14. The connector assembly of claim 13 wherein the connector
housing defines a first slot and a second slot, the first slot
extending longitudinally through the connector body and receiving
the lock reinforcement, the second slot extending laterally through
the connector body and receiving the secondary lock.
15. The connector assembly of claim 13 wherein the lock
reinforcement includes a cam and the secondary lock includes a cam
follower, the cam engaging the cam follower to move the secondary
lock from a third position to a fourth position when the lock
reinforcement is moved from the first position to the second
position.
16. The connector assembly of claim 13 wherein the first subset of
the terminal cavities and the second subset of the terminal
cavities are proper subsets of the plurality of terminal cavities,
and wherein the terminal cavities included in the second subset are
different from the terminal cavities included in the first
subset.
17. A connector assembly comprising: a connector body having a
plurality of terminal cavities and a plurality of lock projections
that are configured to engage a plurality of terminals to retain
the plurality of terminals in the plurality of terminal cavities; a
lock reinforcement that is slidable relative to the connector body
for movement between a pre-set position and a full-set position,
the lock reinforcement being configured to engage a subset of the
lock projections to maintain the lock projections in engagement
with a first subset of the terminals when the lock reinforcement is
in the full-set position; and a secondary lock that is slidable
relative to the connector body and is coupled to the lock
reinforcement, the secondary lock being configured to engage a
second subset of the terminals to retain the plurality of terminals
in the plurality of terminal cavities independent from the
plurality of lock projections when the lock reinforcement is in the
full-set position.
18. The connector assembly of claim 17 wherein the connector body
defines a first slot and a second slot, the first slot extending
longitudinally through the connector body and receiving the lock
reinforcement, the second slot extending laterally through the
connector body and receiving the secondary lock.

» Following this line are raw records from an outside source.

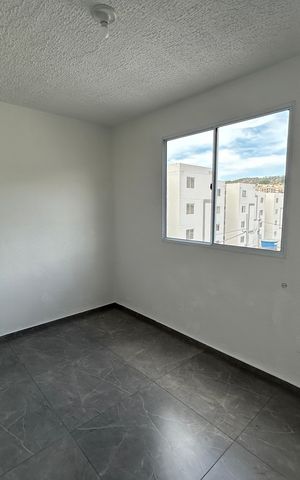 Apartamento para alugar com 41m², 2 quartos e sem vagaQuarto 1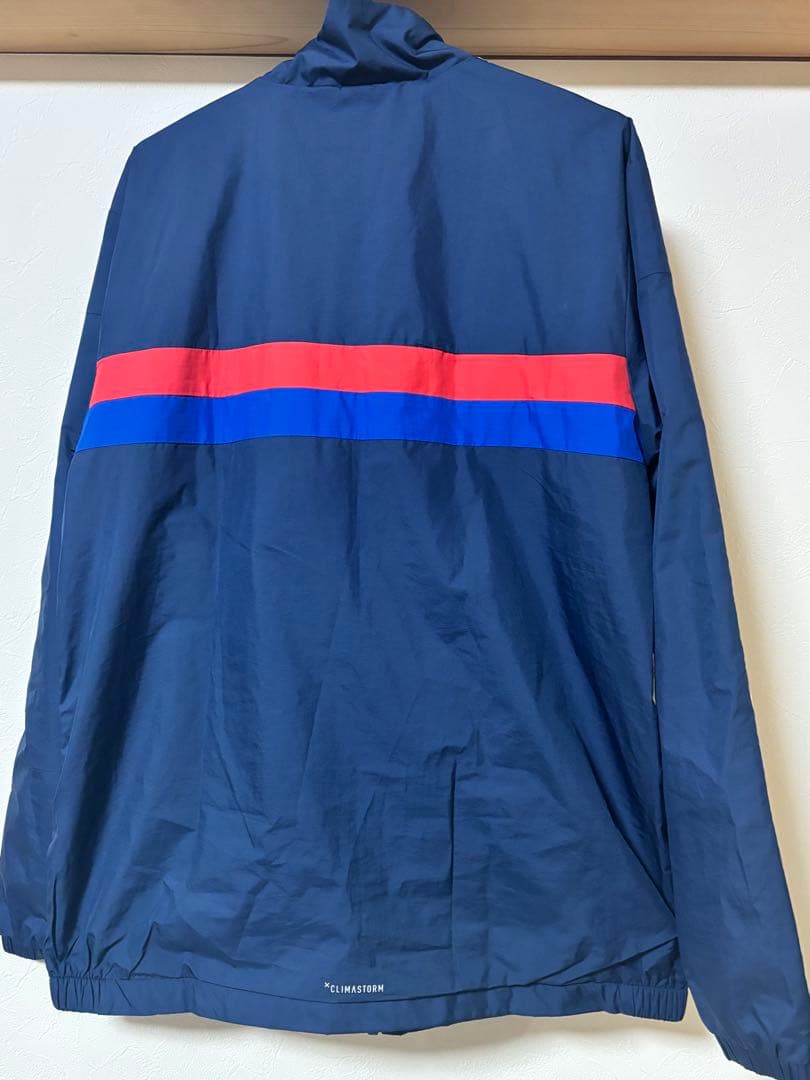 adidas ジャージ　上下セット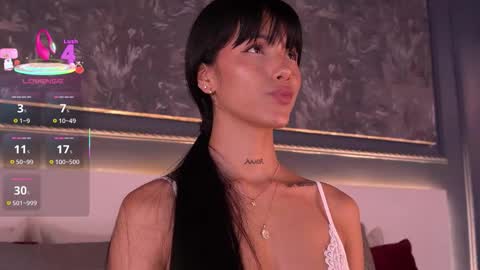 Eva Moretti online show from 09/14/25, 12:21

19. The connector assembly of claim 17 wherein the lock
reinforcement includes a cam and the secondary lock includes a cam
follower, the cam engaging the cam follower to move the secondary
lock into engagement with the second subset of the terminals when
the lock reinforcement is moved from the pre-set position to the
full-set position.
20. The connector assembly of claim 17 wherein the first subset of
the terminal cavities and the second subset of the terminal
cavities are proper subsets of the plurality of terminal cavities,
and wherein the terminal cavities included in the second subset are
different from the terminal cavities included in the first subset.
Description
FIELD
The present disclosure relates to electrical connectors, and more
particularly, to cam-actuated independent secondary locks.
BACKGROUND
This section provides background information related to the present
disclosure which is not necessarily prior art.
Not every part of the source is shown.